Every line below from the one containing "Funny Opossum 4th" to the final line must be reproduced exactly, and no other line may appear in the answer.

Saved entries =
*-*-*
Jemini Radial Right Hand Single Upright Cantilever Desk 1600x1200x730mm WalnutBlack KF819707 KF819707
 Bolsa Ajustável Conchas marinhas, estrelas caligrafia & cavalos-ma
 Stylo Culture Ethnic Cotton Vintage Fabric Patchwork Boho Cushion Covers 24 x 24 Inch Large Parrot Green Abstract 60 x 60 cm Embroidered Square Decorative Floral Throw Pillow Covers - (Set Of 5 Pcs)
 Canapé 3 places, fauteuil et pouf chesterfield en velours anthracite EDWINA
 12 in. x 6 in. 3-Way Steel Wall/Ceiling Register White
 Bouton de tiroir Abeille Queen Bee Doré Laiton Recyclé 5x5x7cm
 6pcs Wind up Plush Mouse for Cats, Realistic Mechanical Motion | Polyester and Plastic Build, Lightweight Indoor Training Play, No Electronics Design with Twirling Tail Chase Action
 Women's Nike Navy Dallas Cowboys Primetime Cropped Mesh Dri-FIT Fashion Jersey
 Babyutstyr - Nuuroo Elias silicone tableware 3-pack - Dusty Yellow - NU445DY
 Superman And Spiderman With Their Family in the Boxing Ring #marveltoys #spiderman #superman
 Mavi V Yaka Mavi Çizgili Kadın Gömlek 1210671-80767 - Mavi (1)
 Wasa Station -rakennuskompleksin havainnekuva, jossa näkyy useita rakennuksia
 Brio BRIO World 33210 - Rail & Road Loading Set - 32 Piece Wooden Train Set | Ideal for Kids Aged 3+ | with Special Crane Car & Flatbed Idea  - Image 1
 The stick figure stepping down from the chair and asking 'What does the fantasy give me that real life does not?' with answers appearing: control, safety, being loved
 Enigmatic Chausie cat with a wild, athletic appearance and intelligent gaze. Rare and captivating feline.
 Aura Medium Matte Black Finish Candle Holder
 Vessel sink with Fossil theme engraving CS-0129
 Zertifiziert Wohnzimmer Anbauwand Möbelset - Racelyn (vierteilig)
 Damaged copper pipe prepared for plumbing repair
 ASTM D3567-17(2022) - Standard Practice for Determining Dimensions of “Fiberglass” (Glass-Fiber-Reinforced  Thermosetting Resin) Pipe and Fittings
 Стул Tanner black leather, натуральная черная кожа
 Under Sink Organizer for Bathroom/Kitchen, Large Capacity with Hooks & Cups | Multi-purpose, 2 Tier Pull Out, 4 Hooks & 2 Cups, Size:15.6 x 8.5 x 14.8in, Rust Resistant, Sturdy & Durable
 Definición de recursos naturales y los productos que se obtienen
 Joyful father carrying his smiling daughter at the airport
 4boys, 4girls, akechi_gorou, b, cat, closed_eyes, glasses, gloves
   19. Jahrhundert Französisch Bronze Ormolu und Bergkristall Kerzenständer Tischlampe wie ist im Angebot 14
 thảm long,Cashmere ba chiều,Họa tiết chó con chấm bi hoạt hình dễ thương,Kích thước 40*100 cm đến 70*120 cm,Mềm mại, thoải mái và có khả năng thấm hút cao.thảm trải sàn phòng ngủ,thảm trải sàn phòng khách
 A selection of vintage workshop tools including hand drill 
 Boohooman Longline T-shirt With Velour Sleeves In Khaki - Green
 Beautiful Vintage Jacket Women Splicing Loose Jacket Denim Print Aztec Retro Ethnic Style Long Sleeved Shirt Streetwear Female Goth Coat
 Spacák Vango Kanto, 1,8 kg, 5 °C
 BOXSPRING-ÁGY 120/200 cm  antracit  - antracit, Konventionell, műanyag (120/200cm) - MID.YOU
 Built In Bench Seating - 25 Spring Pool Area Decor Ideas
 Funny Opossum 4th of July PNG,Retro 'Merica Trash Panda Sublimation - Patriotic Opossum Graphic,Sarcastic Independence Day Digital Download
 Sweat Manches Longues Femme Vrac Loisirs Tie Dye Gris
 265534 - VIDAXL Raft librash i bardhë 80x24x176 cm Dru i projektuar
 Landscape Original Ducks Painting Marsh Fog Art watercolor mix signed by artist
*-*-*
RESULT FOR THIS TASK =
 Funny Opossum 4th of July PNG,Retro 'Merica Trash Panda Sublimation - Patriotic Opossum Graphic,Sarcastic Independence Day Digital Download
 Sweat Manches Longues Femme Vrac Loisirs Tie Dye Gris
 265534 - VIDAXL Raft librash i bardhë 80x24x176 cm Dru i projektuar
 Landscape Original Ducks Painting Marsh Fog Art watercolor mix signed by artist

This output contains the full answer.